Dabei wird nur das physikalische System des Recurvebogens behandelt, physiologische Probleme und Befindlichkeiten bleiben außen vor. Z.B. fühlt sich ein Bogen mit Stabilisation im Auszug leichter an. Dies hängt mit der Kraftrichtung der Resultierenden, gebildet aus Auszugskraft des Bogens und seiner Gewichtskraft zusammen, wird hier aber nicht weiter behandelt.

Was ist Stabilisation?

Unter Stabilisation versteht man eine Anordnung aus Masse- Feder- und Dämpfungs elementen am Bogen, die am eigentlichen Schußvorgang nicht direkt beteiligt ist, aber das Treffen des Zieles günstig beeinflussen soll.

Welche Mittel stehen zur Verfügung?

Jetzt muß noch beschrieben werden, wie diese Elemente zusammenwirken, um die Wirkung der Stabilisation zu verstehen Dazu wird der Schußvorgang in drei Teile unterteilt:
  1. Zielvorgang unmittelbar vor dem Schuß
  2. Schußvorgang (Pfeil hat Kontakt mit der Sehne)
  3. Zeit nach dem Schuß (Pfeil hat den Bogen verlassen)
und jeder Zeitabschnitt gesondert behandelt.

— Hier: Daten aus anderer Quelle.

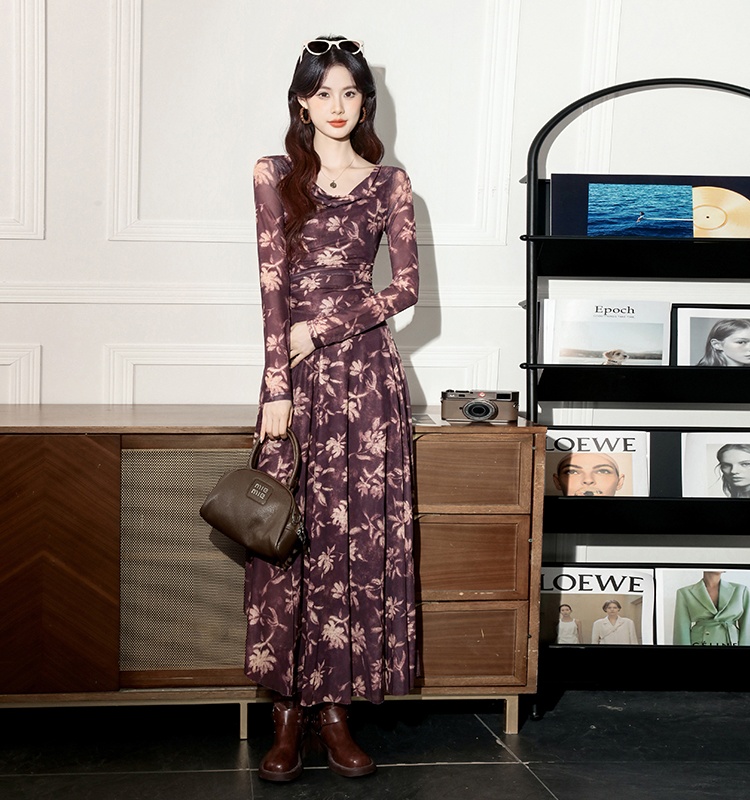 Long gauze big skirt elasticity France style floral dress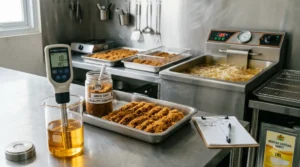 Monitoring kualitas minyak goreng abon, parameter kimia fisik untuk konsistensi rasa dan daya simpan.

Zielvorgang unmittelbar vor dem Schuß.

Hier hat die Stabilisation die Aufgabe, Schwingungen, die Störungen wie Windstöße, Muskelzittern oder durch bewußte, ruckartige Korrekturen des Visierbildes hervor gerufen werden, zu dämpfen. Durch Massen, die an Stangen weit weg vom Schwerpunkt des Bogens angeordnet sind, wird die Masse des Bogens und sein Trägheitsmoment erhöht.

Die Erhöhung der Masse bewirkt einen höheren Widerstand gegen gradlinige Bewegungen des Systems, aber wenn es in Bewegung ist, dann ist die Bewegung auch genauso schwer wieder zu stoppen. Außerdem kann eine hohe Masse auch einen ungünstigen Einfluß hinsichtlich der Belastung der Gelenke usw haben.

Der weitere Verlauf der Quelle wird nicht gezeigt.